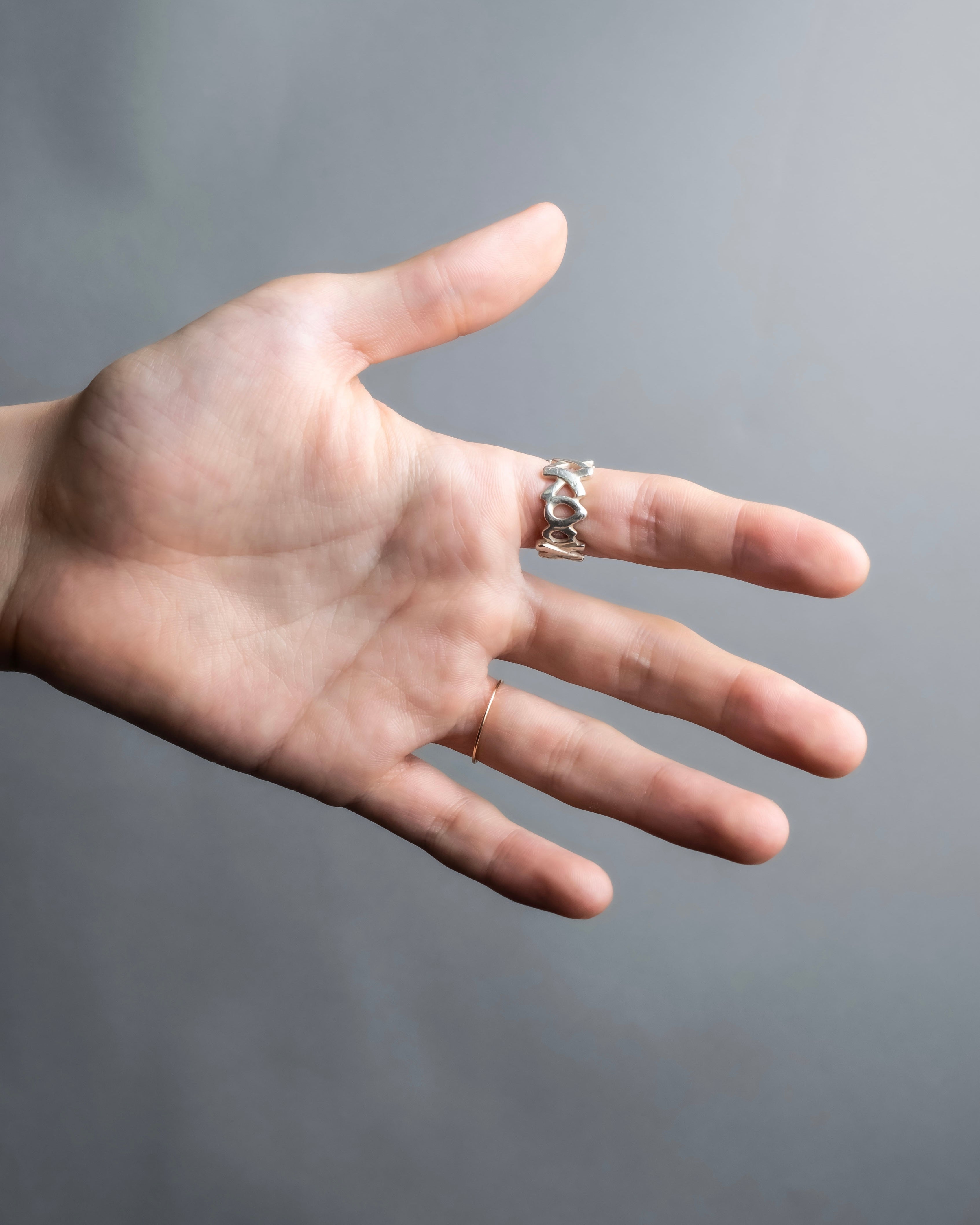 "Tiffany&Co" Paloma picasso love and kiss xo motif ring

* * *

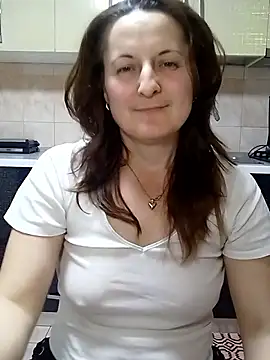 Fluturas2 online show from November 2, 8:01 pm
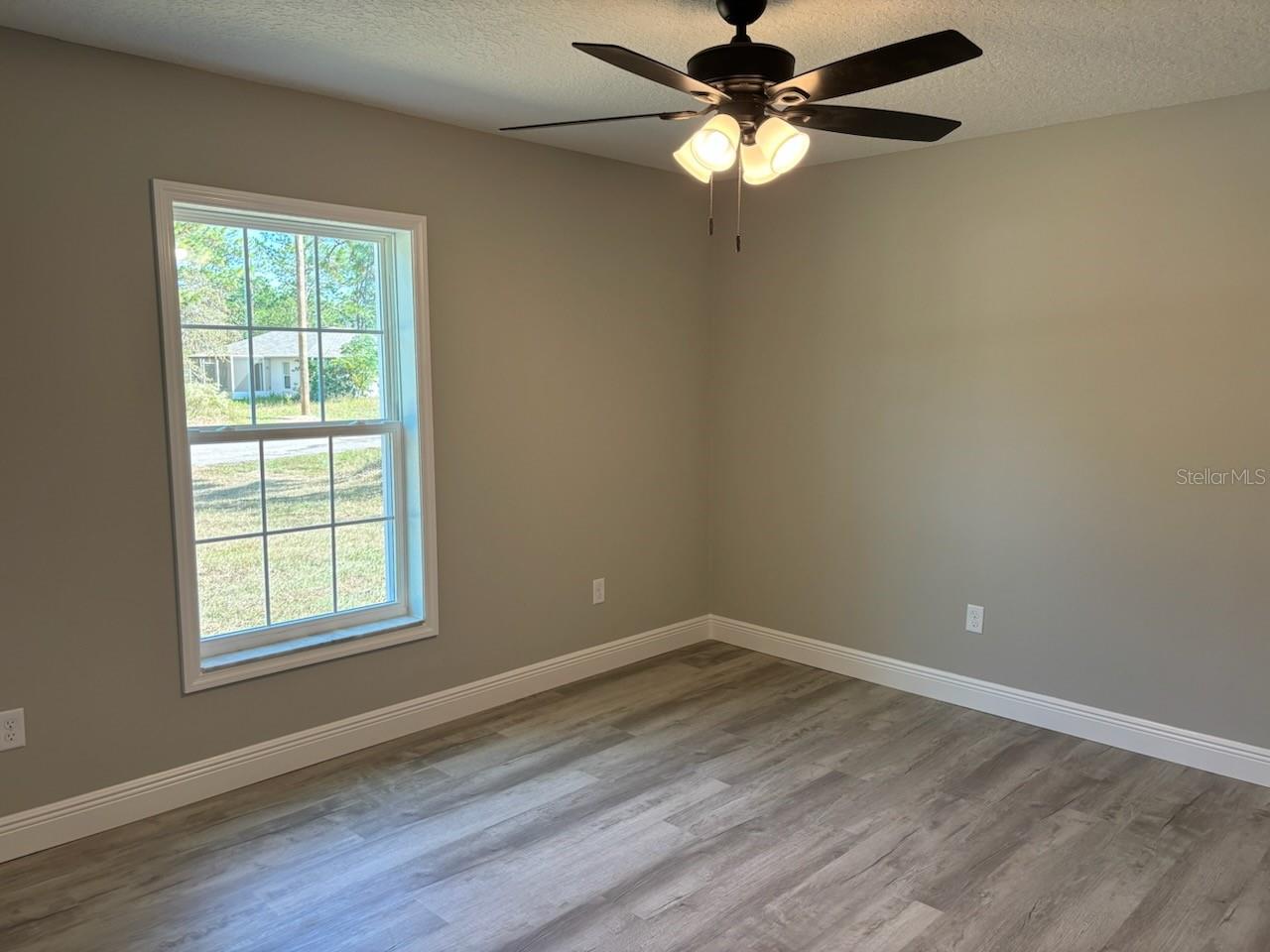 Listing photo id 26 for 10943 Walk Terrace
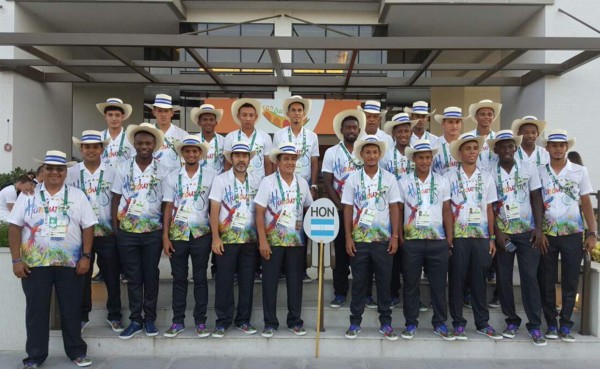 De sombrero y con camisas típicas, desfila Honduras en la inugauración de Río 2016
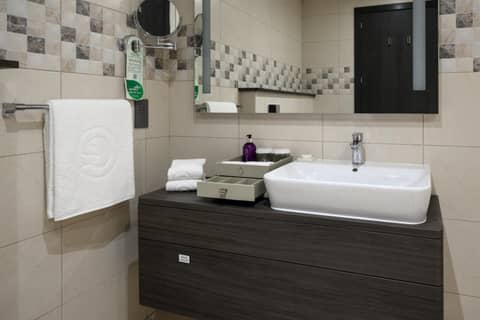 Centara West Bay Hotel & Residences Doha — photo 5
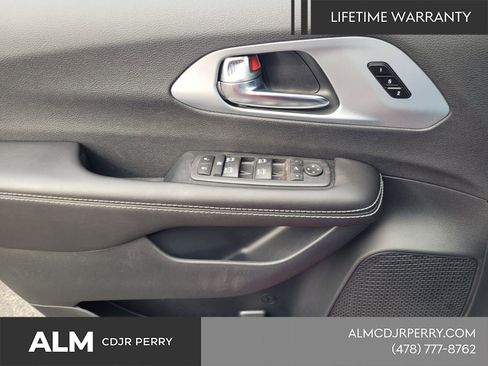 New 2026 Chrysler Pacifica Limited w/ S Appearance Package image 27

REQUIREMENT:
Look through the material above. Transcribe exactly the lines between the ones with "Listing photo id 26 for 10943 Walk Terrace" and "New 2026 Chrysler", inclusive, and keep pictures out.

YOUR SOLUTION:
 Listing photo id 26 for 10943 Walk Terrace
 De sombrero y con camisas típicas, desfila Honduras en la inugauración de Río 2016
 Centara West Bay Hotel & Residences Doha — photo 5
 New 2026 Chrysler Pacifica Limited w/ S Appearance Package image 27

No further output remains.